"""
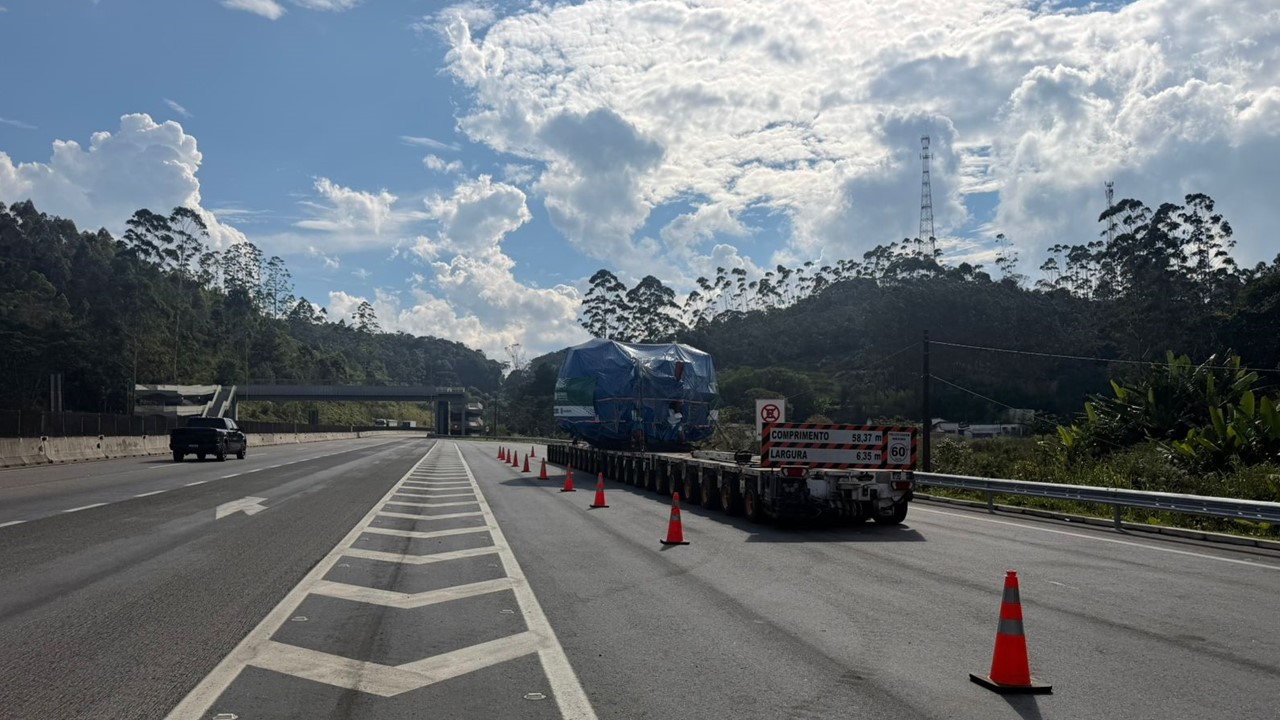 Passagem de carga especial na Tamoios, sentido São José dos Campos, é adiada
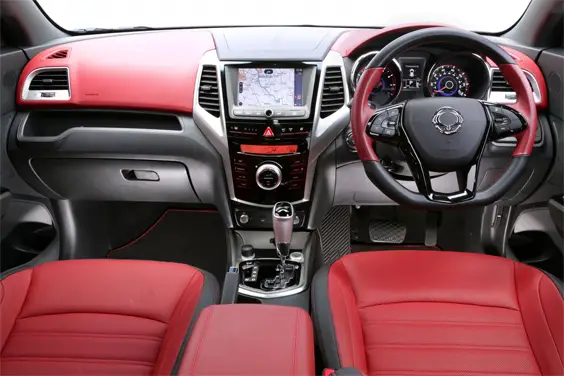 SsangYong Tivoli car review interior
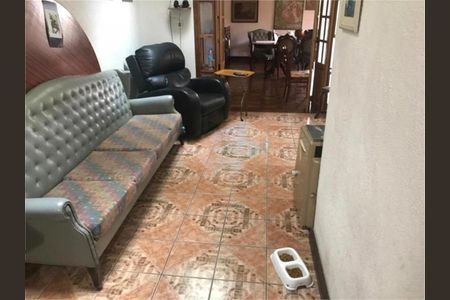 Casa à venda com 440m², 4 quartos e 4 vagas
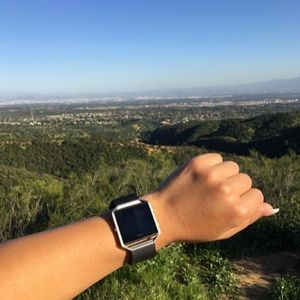 Image post by @fitbit on Instagram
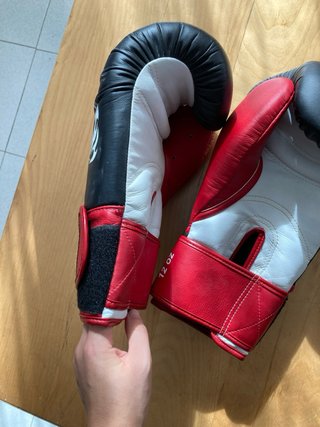 Guantes Top King 12oz + Espinilleras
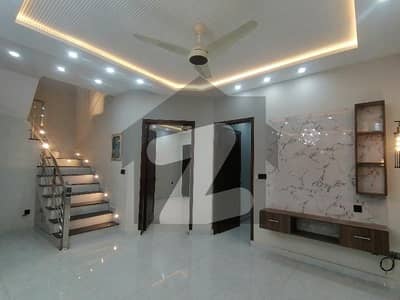 Buy A Centrally Located Prime Location 5 Marla House In New Lahore City - Phase 2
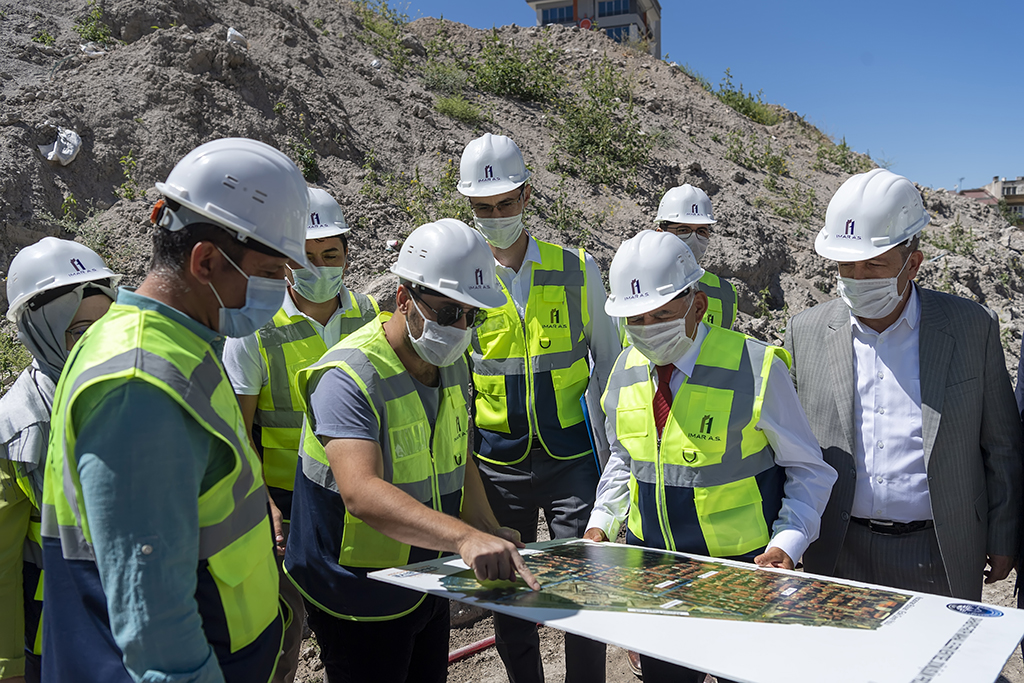 Başkan Büyükkılıç Sahabiye'de Temel Attı, Yeşil Alan Müjdesi Verdi
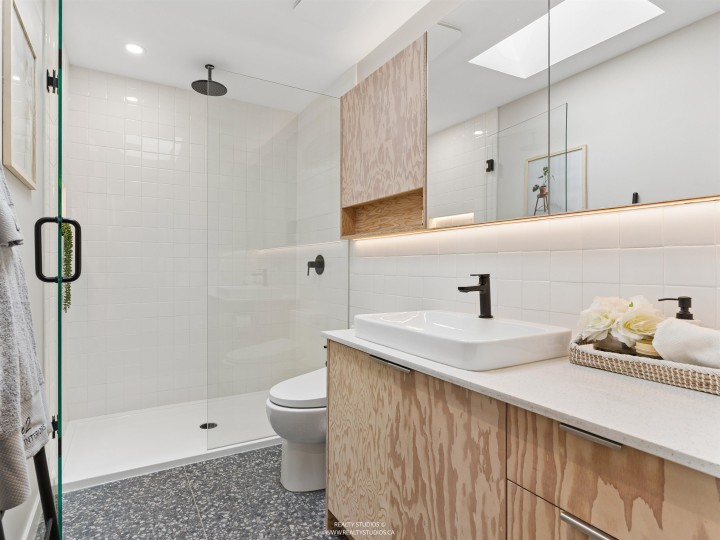 Photo 23 at 476 E 29th Avenue, Fraser VE, Vancouver East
"""
Beginning with the line that holds "Image post by @fitbit on Instagram", write out exactly the lines down to the end of the material above, and no others. Pictures are not part of the copy.

● Solution to this problem
 Image post by @fitbit on Instagram
 Guantes Top King 12oz + Espinilleras
 Buy A Centrally Located Prime Location 5 Marla House In New Lahore City - Phase 2
 Başkan Büyükkılıç Sahabiye'de Temel Attı, Yeşil Alan Müjdesi Verdi
 Photo 23 at 476 E 29th Avenue, Fraser VE, Vancouver East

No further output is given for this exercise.